___ Available data ___
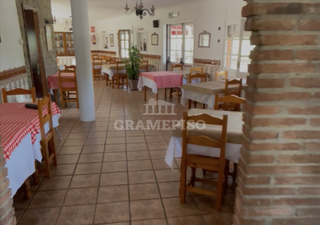 Location Local commercial à Sant Fost de Campsentelles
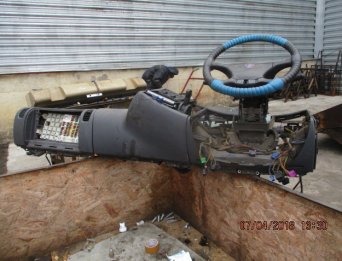 Торпедо SCANIA в сборе с рулевой колонкой, педальным узлом Торпедо SCANIA в сборе с рулевой колонкой, педальным узлом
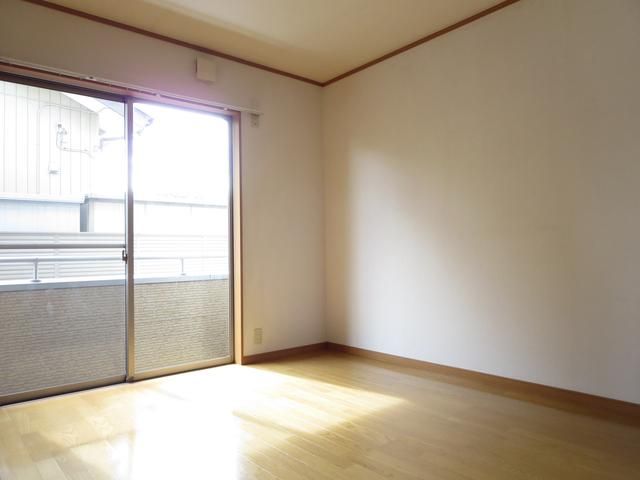 ��ʌ�����s�k����P���ڂ̃A�p�[�g�̋��ԁE���r���O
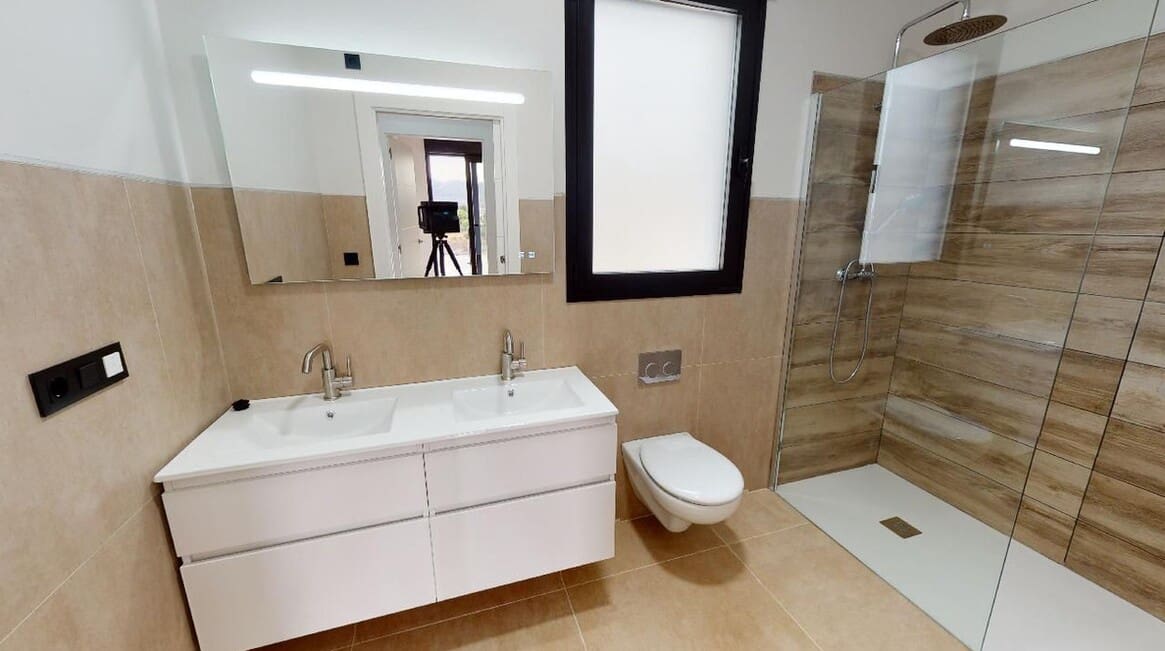 3 soveværelse Villa til salg i La Romana med garage - € 449.995 (Ref: 10172567)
___
- **The problem**: This task asks for the data above repeated exactly, without a single picture.

- **Task output**:
 Location Local commercial à Sant Fost de Campsentelles
 Торпедо SCANIA в сборе с рулевой колонкой, педальным узлом Торпедо SCANIA в сборе с рулевой колонкой, педальным узлом
 ��ʌ�����s�k����P���ڂ̃A�p�[�g�̋��ԁE���r���O
 3 soveværelse Villa til salg i La Romana med garage - € 449.995 (Ref: 10172567)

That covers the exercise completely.